Only one stretch of the material below is wanted: everything from the line containing "Olivenöl aromatisiert mit" down to the line containing "Lezione di droni al liceo Spezia di Domodossola Lezione", both ends included. Repeat it exactly and skip the pictures.

== Provided records ==
----
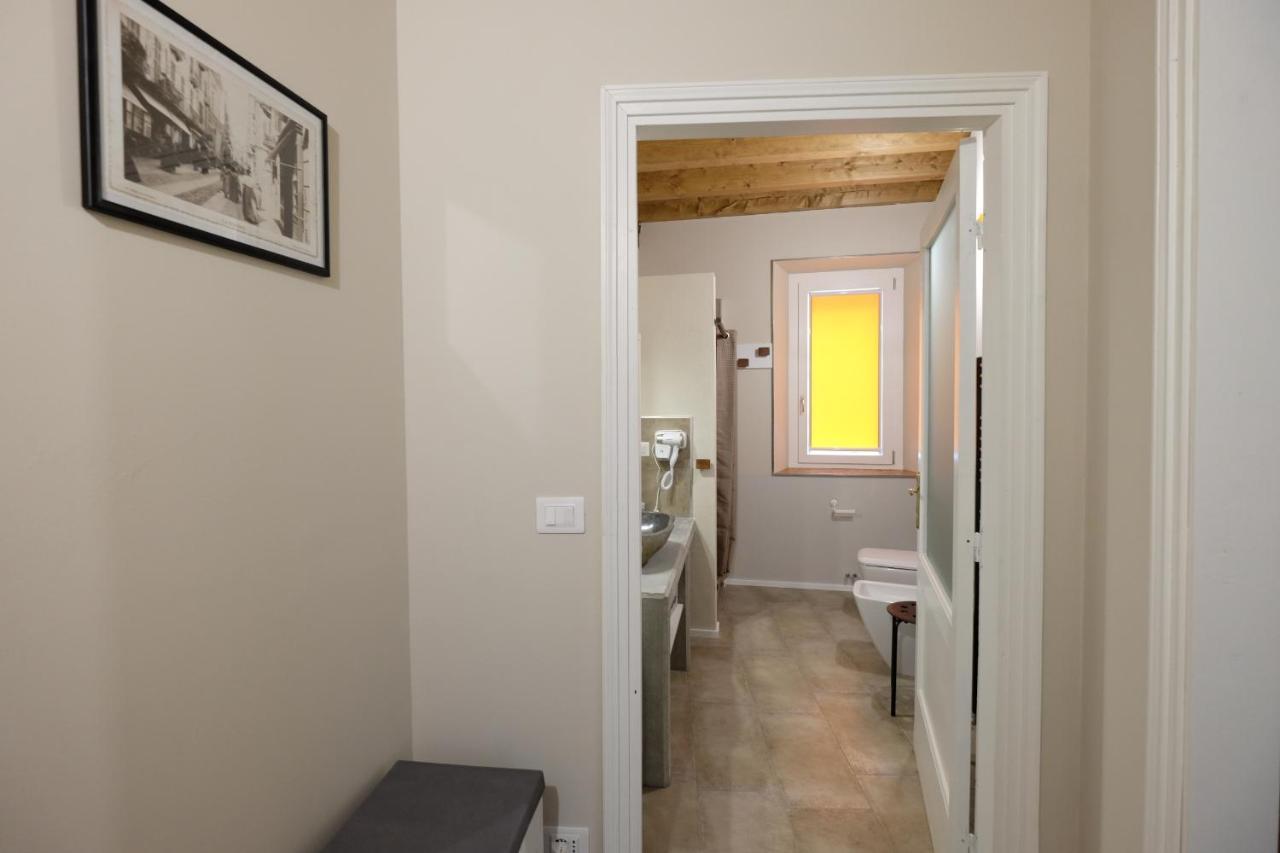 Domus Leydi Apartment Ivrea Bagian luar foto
----
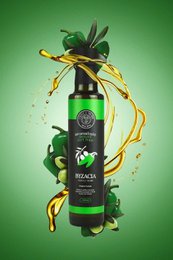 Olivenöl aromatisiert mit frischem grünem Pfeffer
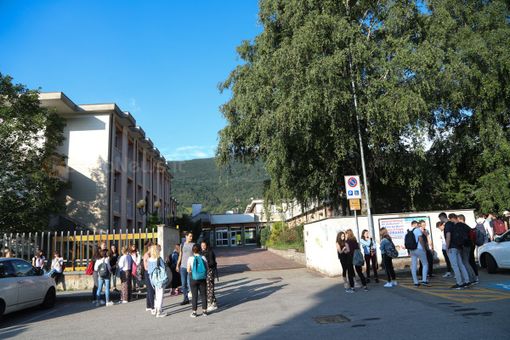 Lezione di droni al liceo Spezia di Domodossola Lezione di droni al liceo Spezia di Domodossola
----
== Output of the task ==
 Olivenöl aromatisiert mit frischem grünem Pfeffer
 Lezione di droni al liceo Spezia di Domodossola Lezione di droni al liceo Spezia di Domodossola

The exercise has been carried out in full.